** MATERIAL TO PROCESS follows **

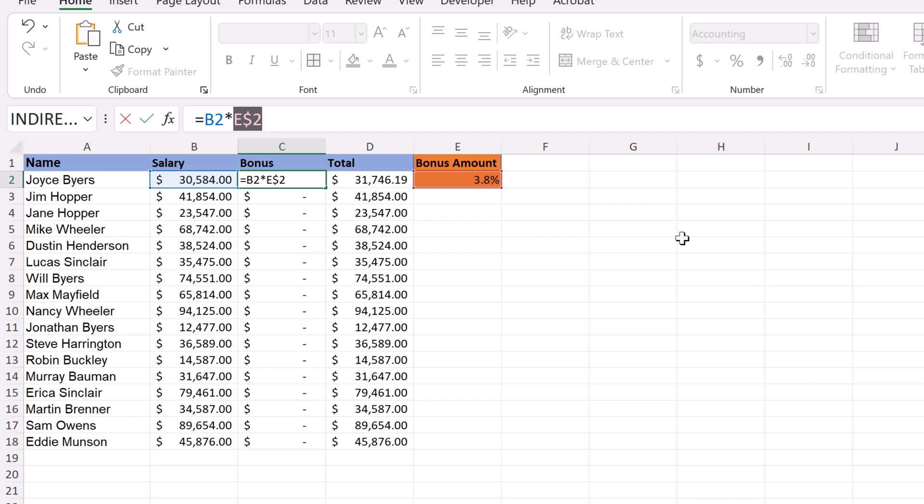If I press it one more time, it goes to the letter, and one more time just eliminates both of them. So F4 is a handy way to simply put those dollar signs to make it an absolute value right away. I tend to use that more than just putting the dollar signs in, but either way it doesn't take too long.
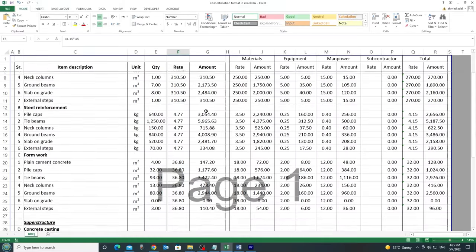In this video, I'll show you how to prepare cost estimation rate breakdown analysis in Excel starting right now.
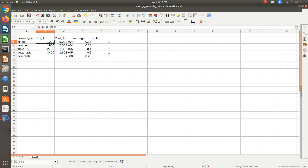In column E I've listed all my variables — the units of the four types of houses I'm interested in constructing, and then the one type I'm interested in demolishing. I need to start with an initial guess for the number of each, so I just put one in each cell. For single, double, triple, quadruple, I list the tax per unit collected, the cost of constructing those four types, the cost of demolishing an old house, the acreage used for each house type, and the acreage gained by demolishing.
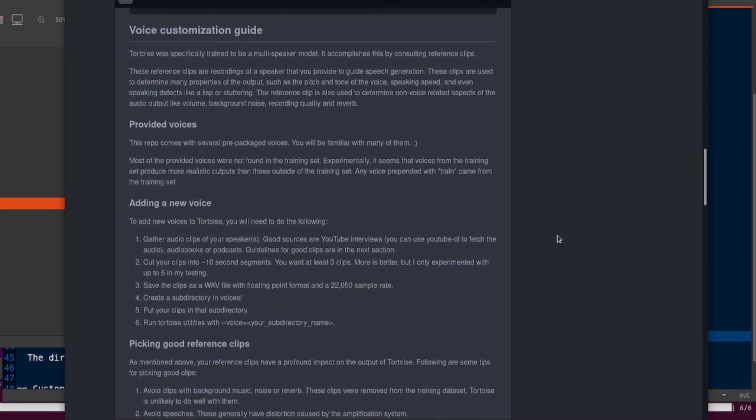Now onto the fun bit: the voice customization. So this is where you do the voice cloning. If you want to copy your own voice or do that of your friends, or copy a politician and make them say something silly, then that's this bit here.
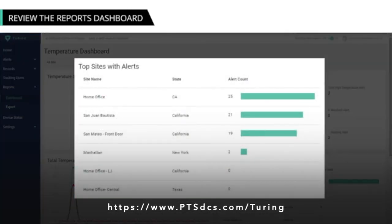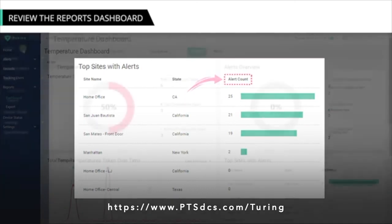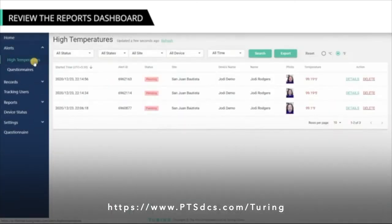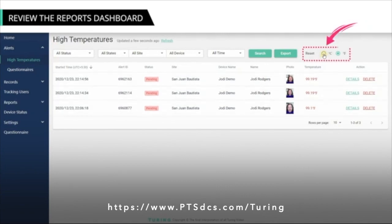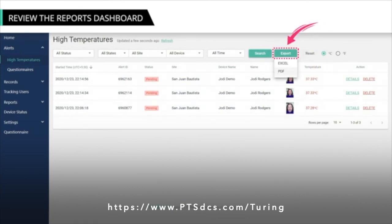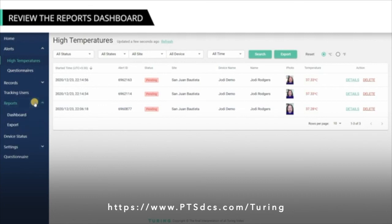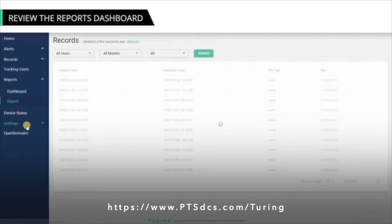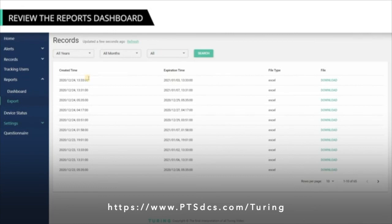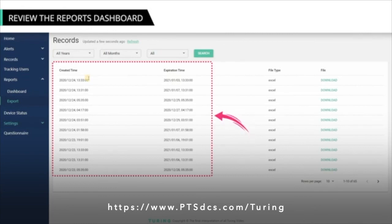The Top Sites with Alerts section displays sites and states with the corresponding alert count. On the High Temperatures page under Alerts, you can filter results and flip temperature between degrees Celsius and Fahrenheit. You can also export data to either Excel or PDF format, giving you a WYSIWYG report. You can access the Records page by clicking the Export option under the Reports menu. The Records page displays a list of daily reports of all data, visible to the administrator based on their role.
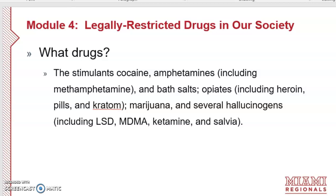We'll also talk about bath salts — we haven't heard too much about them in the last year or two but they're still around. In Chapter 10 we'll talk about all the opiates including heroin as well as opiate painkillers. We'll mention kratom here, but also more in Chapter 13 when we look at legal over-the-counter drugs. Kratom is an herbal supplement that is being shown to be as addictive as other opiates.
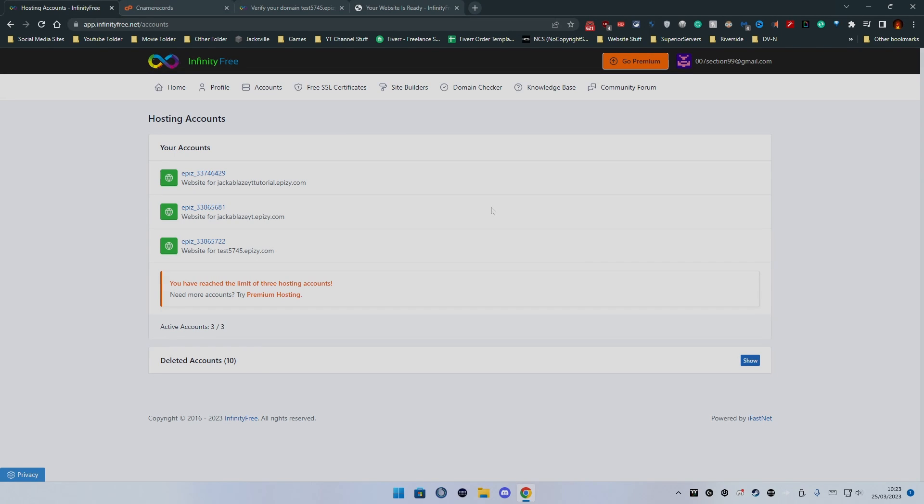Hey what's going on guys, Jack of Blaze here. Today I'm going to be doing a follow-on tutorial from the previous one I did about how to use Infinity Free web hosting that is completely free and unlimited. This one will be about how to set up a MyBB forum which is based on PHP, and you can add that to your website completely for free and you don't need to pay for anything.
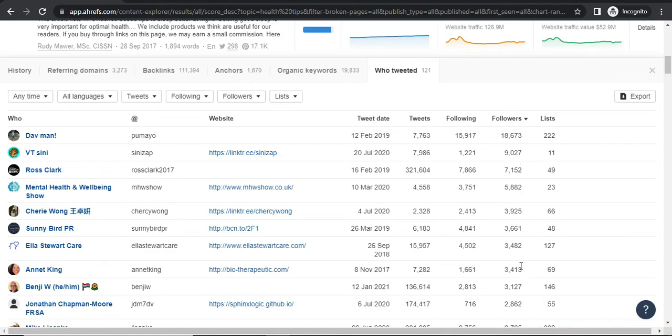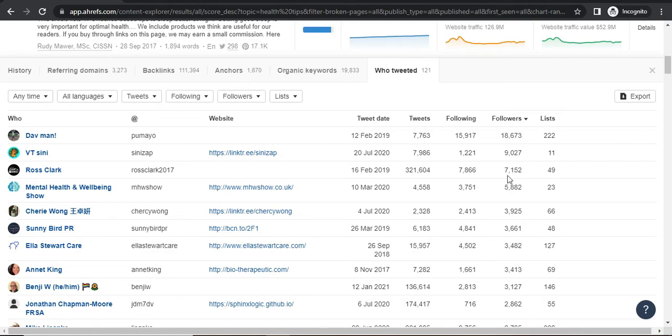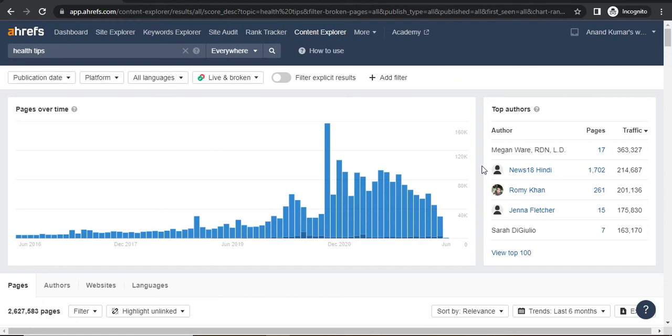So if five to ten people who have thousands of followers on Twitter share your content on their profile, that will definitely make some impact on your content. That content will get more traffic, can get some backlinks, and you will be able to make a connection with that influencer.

** End of MATERIAL TO PROCESS **
** MATERIAL TO PROCESS follows **

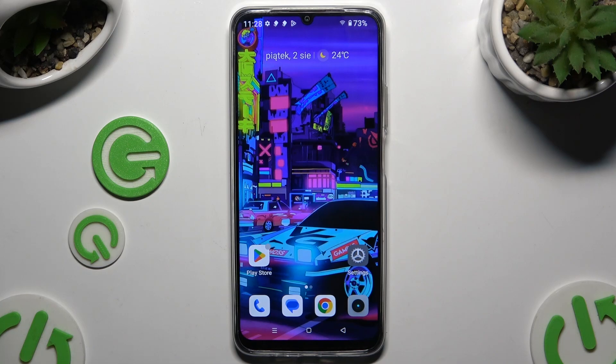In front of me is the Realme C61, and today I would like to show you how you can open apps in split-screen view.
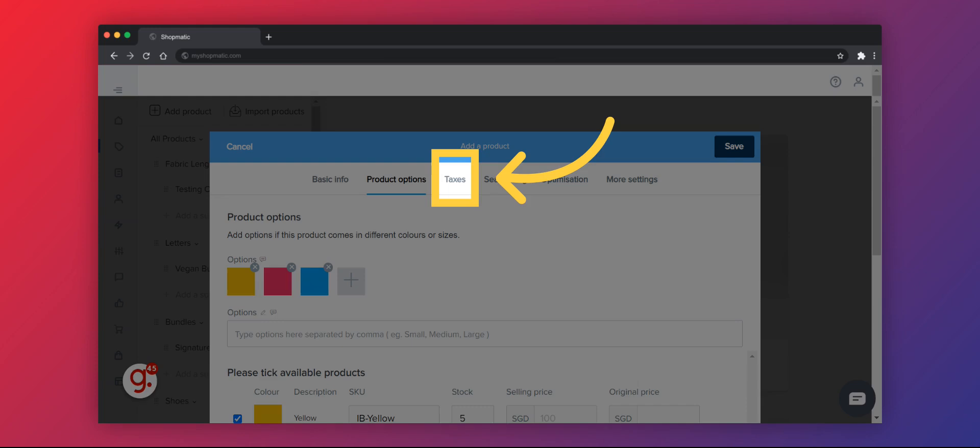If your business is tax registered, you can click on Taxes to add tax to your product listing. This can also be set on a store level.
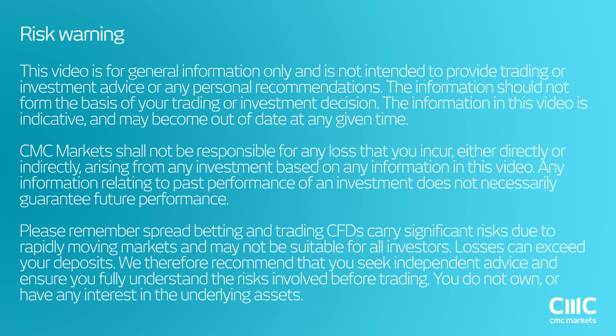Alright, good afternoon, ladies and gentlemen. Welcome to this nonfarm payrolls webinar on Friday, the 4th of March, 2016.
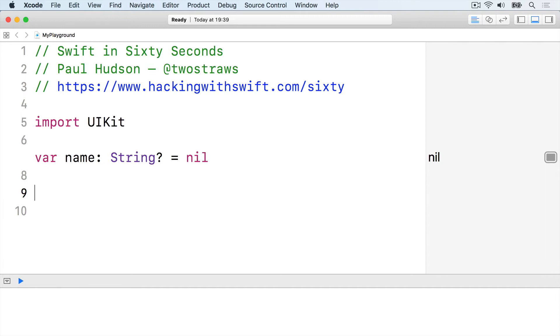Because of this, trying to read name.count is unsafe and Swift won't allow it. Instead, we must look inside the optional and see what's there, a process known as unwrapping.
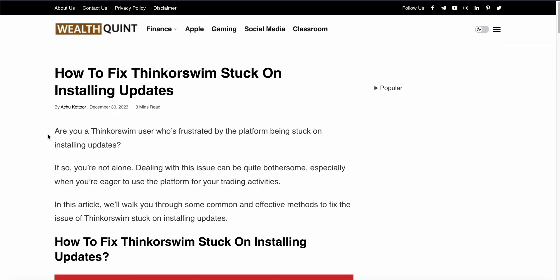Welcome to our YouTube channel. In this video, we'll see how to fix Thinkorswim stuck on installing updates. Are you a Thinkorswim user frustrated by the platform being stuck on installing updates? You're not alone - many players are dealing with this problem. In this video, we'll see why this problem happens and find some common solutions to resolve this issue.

** End of MATERIAL TO PROCESS **

* [ABOUT THIS TASK]: Leaving each picture behind, please give again exactly the lines above from the one with "In this video, I'll" through the one with "Now onto the", both included, and no others.

* [ANSWER]:
In this video, I'll show you how to prepare cost estimation rate breakdown analysis in Excel starting right now.
In column E I've listed all my variables — the units of the four types of houses I'm interested in constructing, and then the one type I'm interested in demolishing. I need to start with an initial guess for the number of each, so I just put one in each cell. For single, double, triple, quadruple, I list the tax per unit collected, the cost of constructing those four types, the cost of demolishing an old house, the acreage used for each house type, and the acreage gained by demolishing.
Now onto the fun bit: the voice customization. So this is where you do the voice cloning. If you want to copy your own voice or do that of your friends, or copy a politician and make them say something silly, then that's this bit here.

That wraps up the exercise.